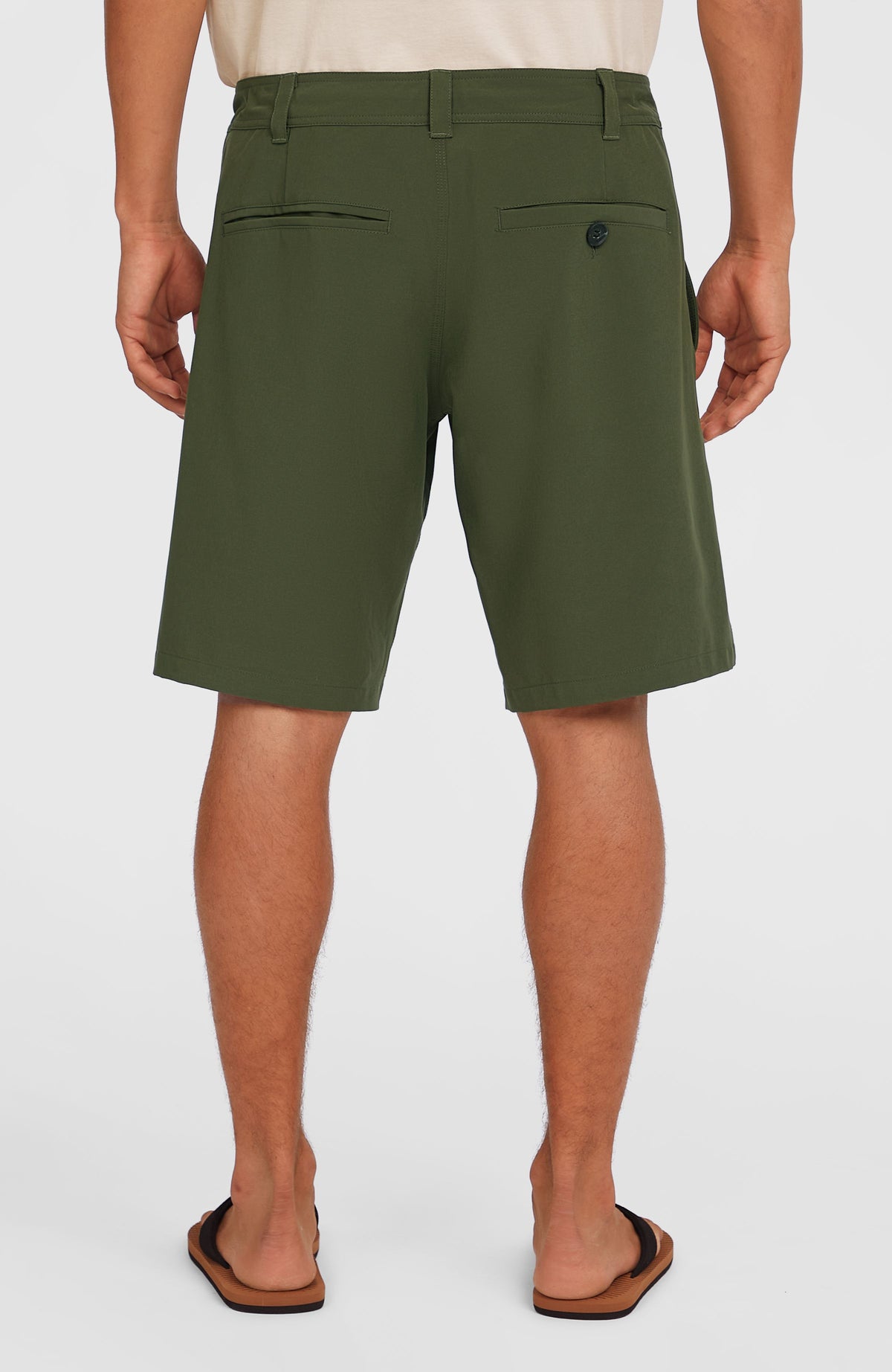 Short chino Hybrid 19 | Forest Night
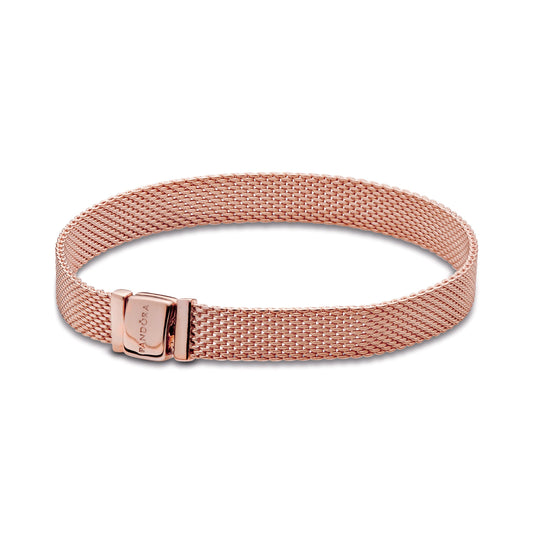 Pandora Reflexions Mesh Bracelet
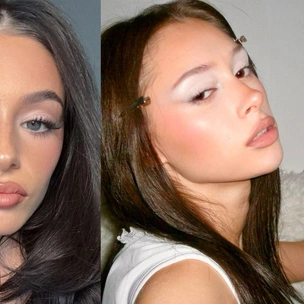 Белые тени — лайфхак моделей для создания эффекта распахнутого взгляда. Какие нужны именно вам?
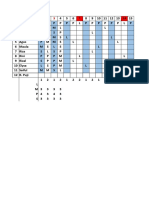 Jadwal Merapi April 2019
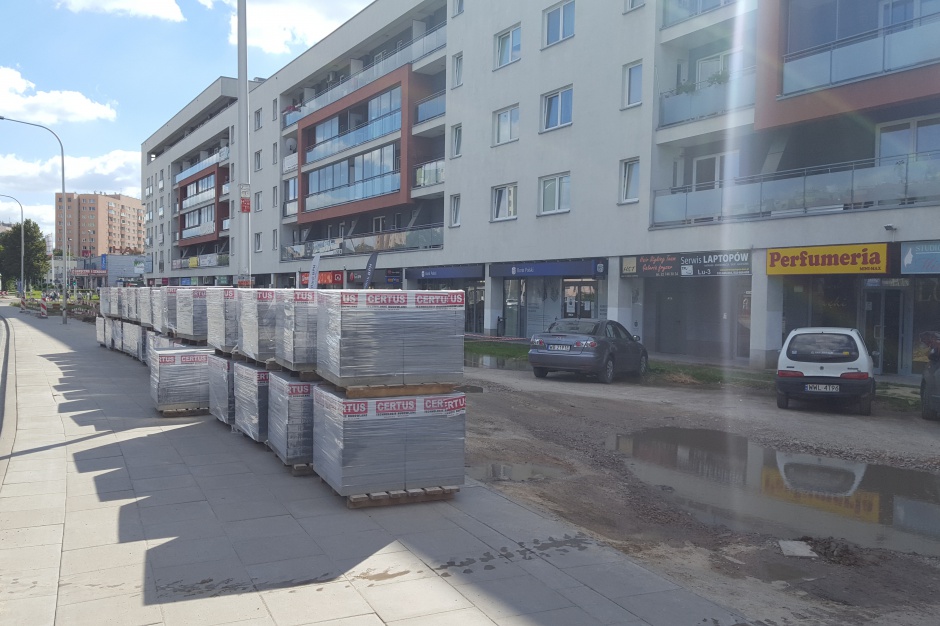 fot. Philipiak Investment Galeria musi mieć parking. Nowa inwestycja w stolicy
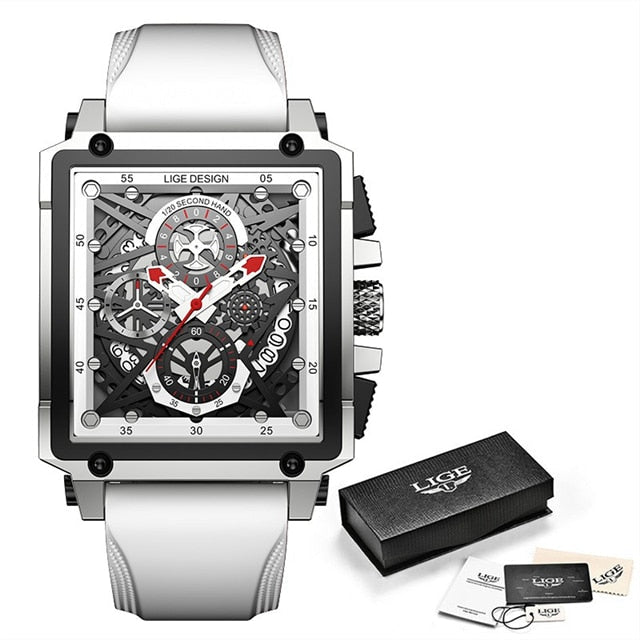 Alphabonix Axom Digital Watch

_____

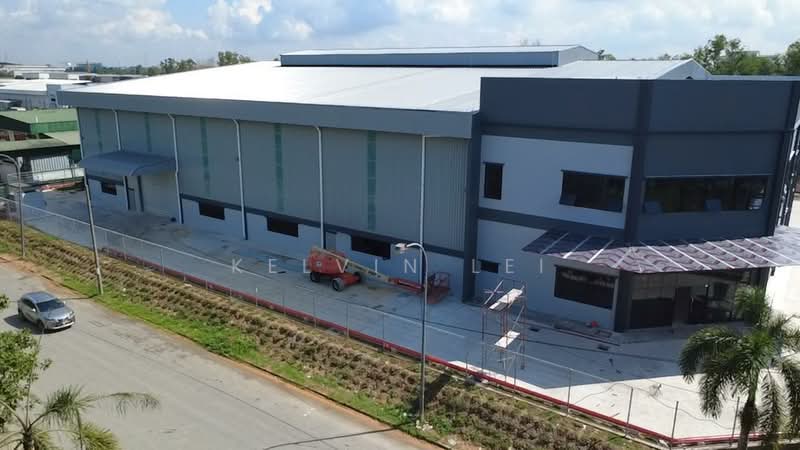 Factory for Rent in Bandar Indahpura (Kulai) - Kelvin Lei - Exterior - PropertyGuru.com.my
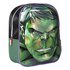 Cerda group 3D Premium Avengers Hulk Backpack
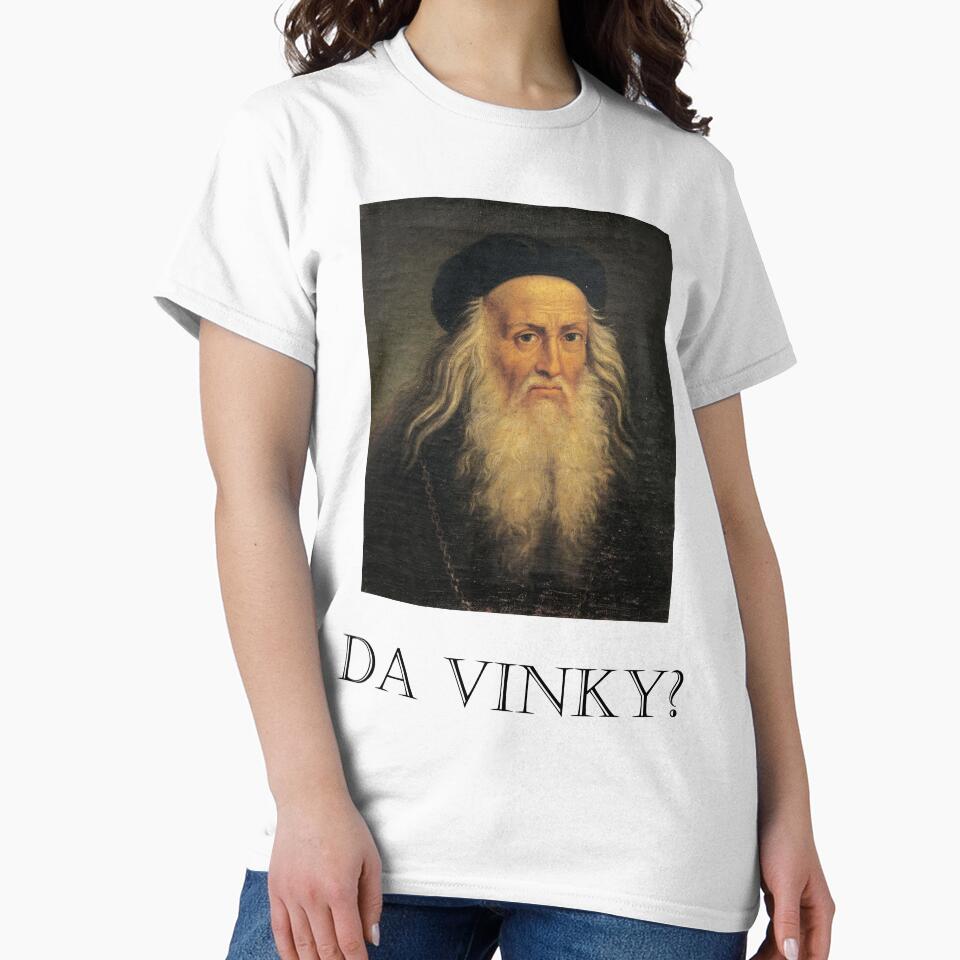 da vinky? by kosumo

_____

▶ **About this task**
Starting at the line above that holds "Short chino Hybrid 19 | Forest Night", repeat every line exactly down to and including the line that holds "Alphabonix Axom Digital Watch", then stop. Do not carry over any pictures.

▶ **Written solution**
 Short chino Hybrid 19 | Forest Night
 Pandora Reflexions Mesh Bracelet
 Белые тени — лайфхак моделей для создания эффекта распахнутого взгляда. Какие нужны именно вам?
 Jadwal Merapi April 2019
 fot. Philipiak Investment Galeria musi mieć parking. Nowa inwestycja w stolicy
 Alphabonix Axom Digital Watch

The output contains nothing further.